4. Verdammnis - Gerechtigkeit (V. 9). „Wenn der Dienst der Verdammnis Herrlichkeit ist, so ist vielmehr der Dienst der Gerechtigkeit überströmend in Herrlichkeit.“ Bei aller Gerechtigkeit, die der Alte Bund als Eigenschaft Gottes geoffenbart hatte, ist es doch erst das Evangelium, das eine Gerechtigkeit als göttliche Gabe dem Menschen anbieten kann. Darum wird diese Gerechtigkeit, die als Gottesgeschenk von Gott kommt und deshalb auch vor Gott gilt, erst in der Botschaft des Glaubens geoffenbart (Röm 1,17). Nun, nachdem Gott Den, der von keiner Sünde wußte, für uns zur Sünde gemacht hat, sind wir Seine, das heißt Gottes Gerechtigkeit geworden in Ihm (2Kor 5,21), und darum können wir auch frohlockend ausrufen: „Wer wird wider Gottes Auserwählte Anklage erheben? Gott ist es, welcher rechtfertigt! Wer ist es, der verdamme? Christus ist es, der gestorben, ja noch mehr, der auch auferweckt, der auch zur Rechten Gottes ist, der Sich auch für uns verwendet!“ (Röm 8,33.34)
5. Geringeres - Größeres (V. 8-19). Dies hatte der Apostel schon in der zuletzt angeführten Gegenüberstellung zugleich mit ausgesprochen. Wenn schon der Dienst der Verdammnis Herrlichkeit war, so muß es der Dienst der Gerechtigkeit in noch ganz anderer, eben in „überströmender“ Weise sein. Mit einem geradezu inneren Jubel betont Paulus hier immer wieder, daß, so groß auch das Alte gewesen sein mag, dennoch jetzt das unvergleichlich Größere in die Erscheinung getreten ist. „Vielmehr“ (V. 8), „vielmehr“ (V. 9), „wieviel mehr!“ (V. 10) - so sagt er einmal über das andere Mal. „überströmend“ nennt er es, ja „überschwänglich“ (V. 8.9)! Ob auch unsere Herzen so voll und übervoll sind von dieser Größe der Botschaft, die uns das Leben gebracht hat? Nur wenn das Herz voll ist, geht der Mund über, und darum sind wir oft so stumm im persönlichen Zeugnis und so untätig und nicht selbstverleugnend in der „Teilnahme am Evangelium“ hinsichtlich Gebet und Gaben, weil wir innerlich doch nicht wirklich so voll und ganz von der Erhabenheit und Einzigkeit der Heilsbotschaft überzeugt sind, so viel wir auch theoretisch davon reden und dem Bekenntnis nach daran glauben mögen. Wer aber mit den Augen des Herzens die Schönheit des Evangeliums geschaut hat, der wird auch mit Petrus sprechen können: „Es ist uns unmöglich, von dem, was wir gesehen und gehört haben, nicht zu reden.“ (Apg 4,20)
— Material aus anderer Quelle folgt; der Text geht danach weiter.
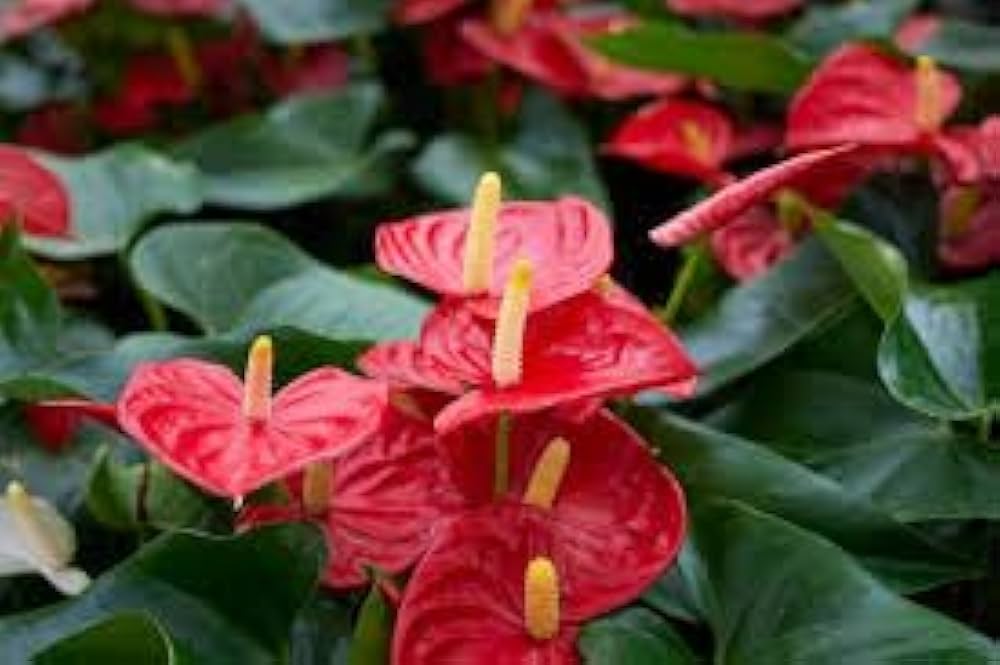 tief Rot Flamingoblume Blumensamen zur Aussaat leuchtend Traditionssorte & ohne Gentechnik Samen Hausgarten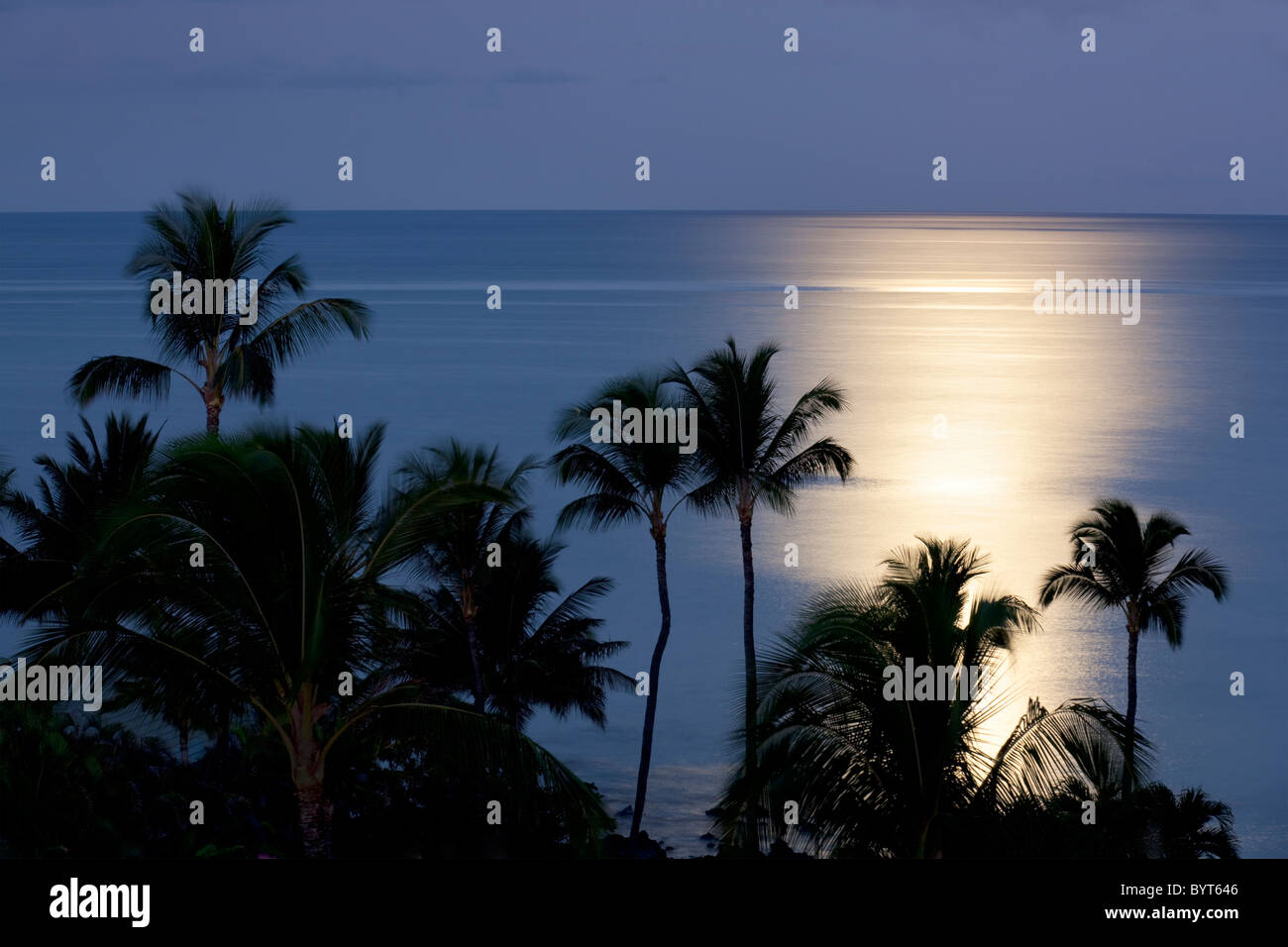 Impostazione luna oltre oceano con palme. Maui, Hawaii Foto Stock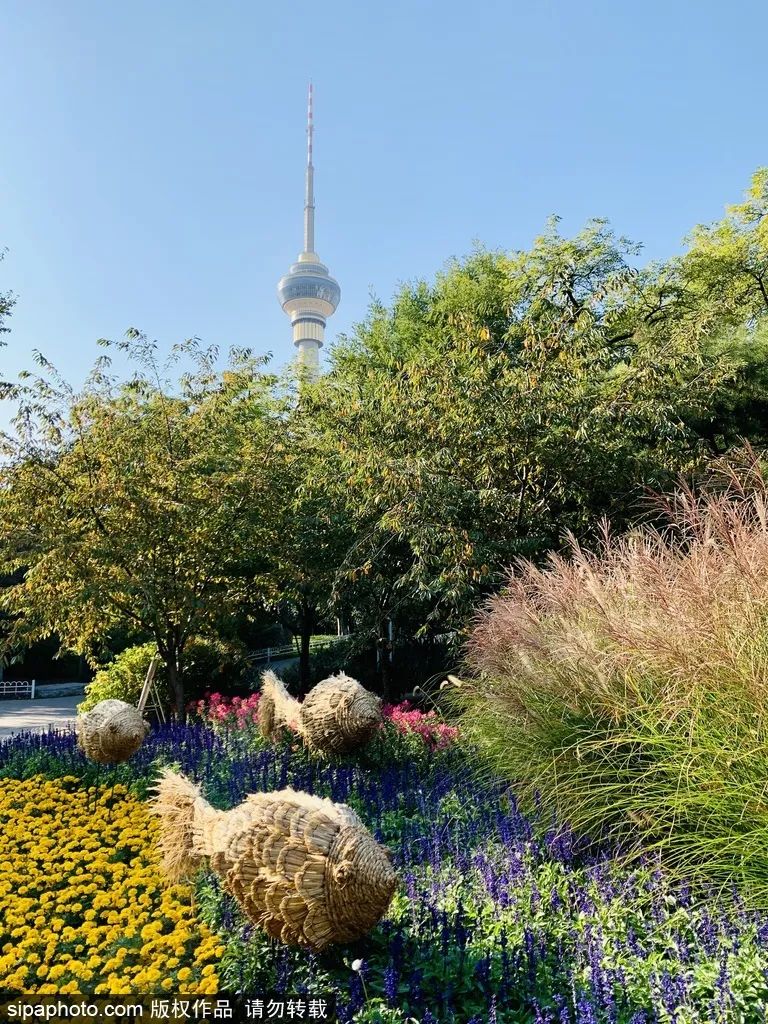 北京花海免费旅游,北京看花海最好的地方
6. Vergehend - bleibend (V. 11). Und das Wunderbare dabei ist, daß wir uns hier auf dem Boden der Ewigkeit befinden. Alle Schönheit der Welt vergeht. Auch die Schönheit und Herrlichkeit der früheren Gottesoffenbarungen war keine bleibende. Aber der Neue Bund und seine Segnungen sind etwas, das da bleibt in alle Zeitalter hinein (Heb 13,20). Der Alte Bund war das, „was hinweggetan werden sollte“ (vgl. Gal 3,19; Heb 7,11-18); der Neue ist das „Bleibende“. Aber es ist nicht ein starres Bleiben, kein Sein, das keine Bewegung, keinen Fortschritt kennte; nein, es ist ein ununterbrochenes Vorangehen von Klarheit zu Klarheit, ein dauerndes Enthüllen verborgener Gottesschätze.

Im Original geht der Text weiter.